What makes you say that? What safety or correctness features do you think a garbage collector in Rust eschews? On the contrary, gc should make the language safer since it obviates the need for the "unsafe" escape hatch.
But the gc is there to test the usability cost of Rust's memory management scheme. A properly written gc would of course not allow for use-after-free bugs.
The problem is that this study is relatively worthless, because the API used by this GC inherently introduces UB. If you have a correct API, the usability tradeoff might be very different.
To phrase what my sibling commentor said but in a different way:
This paper is an experiment to see if a particular API could make using Rust easier. This specific API is not sound. This means that the paper's results are kind of irrelevant in a strict sense; this API cannot work in Rust, so it being easier is kind of a moot point. Maybe someone can take their API, make it sound, and then try again, and that's certainly good. But it is a serious flaw in the methodology.
Specifically, this API call is unsound:
GcRefCell<T>::as_mut(&self) -> &mut T
It's not about the internals of the GC. It's about the API that it exposes to users.
The author has some ideas: https://github.com/mcoblenz/Bronze/issues/2#issuecomment-939... These ones are straightforward, and would probably work, but they would also introduce some friction, and removing friction is the entire point of the exercise. Is it too much? Maybe! It also maybe isn't. You'd need another study to figure that out.
> This paper is an experiment to see if a particular API could make using Rust easier.
According to the author: "The Bronze project is exploring the usability costs of the restrictions that Rust imposes."
That does not require a sound gc to explore. Maybe it would have been different had the goal been to see whether a gc can be bolted onto Rust. Yes, that might be difficult given Rust's semantics and how to deals with pointers. But that doesn't seem to be the goal of the author's research.
The problem isn't that the GC suffered from use after free. The problem is that the GC allowed the user to have 2 references to a mutable object which is UB in Rust (and a compile time error without unsafe code). The problem with the API is that without some pretty fundamental changes to the language, the only times a GC doesn't error, and Rust does is when the user tries to do undefined behavior. Removing the UB is also pretty much impossible because if you allow these references, you remove one of the main tools the Rust compiler uses to optimize code.

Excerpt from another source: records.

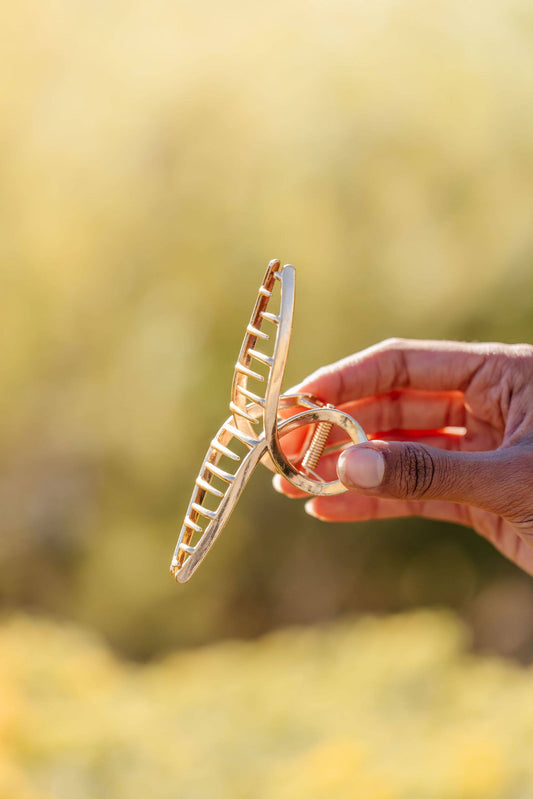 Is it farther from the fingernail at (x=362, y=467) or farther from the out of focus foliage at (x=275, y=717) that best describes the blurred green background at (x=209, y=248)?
the fingernail at (x=362, y=467)

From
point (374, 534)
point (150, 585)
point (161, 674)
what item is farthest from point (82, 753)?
point (374, 534)

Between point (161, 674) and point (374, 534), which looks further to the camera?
point (374, 534)

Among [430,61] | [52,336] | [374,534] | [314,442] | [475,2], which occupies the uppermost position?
[475,2]

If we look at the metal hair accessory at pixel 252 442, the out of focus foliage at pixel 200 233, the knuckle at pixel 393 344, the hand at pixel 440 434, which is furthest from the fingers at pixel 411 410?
the out of focus foliage at pixel 200 233

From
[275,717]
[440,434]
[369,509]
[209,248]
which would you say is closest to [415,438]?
[440,434]

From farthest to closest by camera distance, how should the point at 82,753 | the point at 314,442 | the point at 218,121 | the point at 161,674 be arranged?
the point at 218,121 < the point at 161,674 < the point at 82,753 < the point at 314,442

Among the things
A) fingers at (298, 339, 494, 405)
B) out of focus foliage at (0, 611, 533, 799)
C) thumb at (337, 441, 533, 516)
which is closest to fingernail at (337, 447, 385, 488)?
thumb at (337, 441, 533, 516)

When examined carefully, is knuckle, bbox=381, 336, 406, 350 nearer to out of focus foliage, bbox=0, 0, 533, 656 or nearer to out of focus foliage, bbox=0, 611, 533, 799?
out of focus foliage, bbox=0, 0, 533, 656

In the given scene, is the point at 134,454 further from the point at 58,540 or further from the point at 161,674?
the point at 161,674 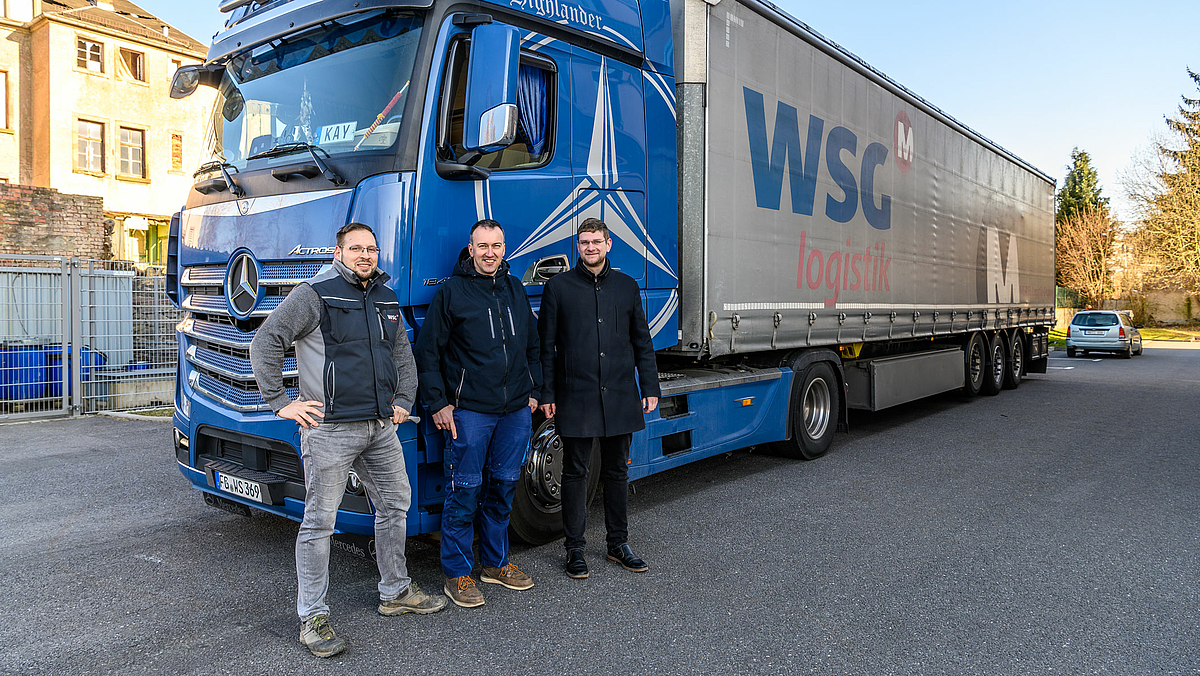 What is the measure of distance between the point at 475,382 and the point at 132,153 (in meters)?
27.1

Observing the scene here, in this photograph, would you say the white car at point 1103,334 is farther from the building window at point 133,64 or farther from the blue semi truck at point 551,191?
the building window at point 133,64

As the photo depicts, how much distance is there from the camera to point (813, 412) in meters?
7.81

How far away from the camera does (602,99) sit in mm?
5004

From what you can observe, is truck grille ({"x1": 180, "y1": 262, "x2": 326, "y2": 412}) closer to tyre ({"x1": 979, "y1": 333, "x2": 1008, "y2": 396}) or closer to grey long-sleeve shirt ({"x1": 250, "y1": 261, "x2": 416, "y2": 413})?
grey long-sleeve shirt ({"x1": 250, "y1": 261, "x2": 416, "y2": 413})

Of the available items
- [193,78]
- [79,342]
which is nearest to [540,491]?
[193,78]

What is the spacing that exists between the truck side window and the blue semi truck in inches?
0.5

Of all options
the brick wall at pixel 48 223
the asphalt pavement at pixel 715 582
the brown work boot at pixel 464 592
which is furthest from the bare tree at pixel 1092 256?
the brown work boot at pixel 464 592

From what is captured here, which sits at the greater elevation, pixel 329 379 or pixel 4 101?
pixel 4 101

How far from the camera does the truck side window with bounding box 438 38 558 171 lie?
13.3ft

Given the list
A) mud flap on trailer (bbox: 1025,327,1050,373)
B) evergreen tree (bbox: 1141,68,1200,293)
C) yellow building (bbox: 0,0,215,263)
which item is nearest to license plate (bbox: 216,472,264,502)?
mud flap on trailer (bbox: 1025,327,1050,373)

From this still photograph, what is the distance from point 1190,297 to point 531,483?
2072 inches

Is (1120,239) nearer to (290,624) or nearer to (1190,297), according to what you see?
(1190,297)

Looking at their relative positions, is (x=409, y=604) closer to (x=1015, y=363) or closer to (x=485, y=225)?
(x=485, y=225)

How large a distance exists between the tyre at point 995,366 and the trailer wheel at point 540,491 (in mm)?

Having simultaneous mutable references to an object is UB in Rust because the memory manager cannot detect use-after-free errors. What you are talking about is not a feature but a limitation of Rust's borrow checker. But when using a gc multiple multiple references it not a problem at all so there is no reason to prevent it. This has almost nothing to do with performance. Restricting the number of mutable references to one does not mean that the compiler can emit significantly faster code.
If that worked, people wouldn't still be finding use after free bugs in commonly used C libraries. The whole reason to use Rust is that it turns most of C's UB into compile time errors so that your code isn't horribly broken in the first place.
I don't know how to find use-after-free bugs in arbitrary code, no matter how much time I devote to the task. I just can't keep enough state in my head at once.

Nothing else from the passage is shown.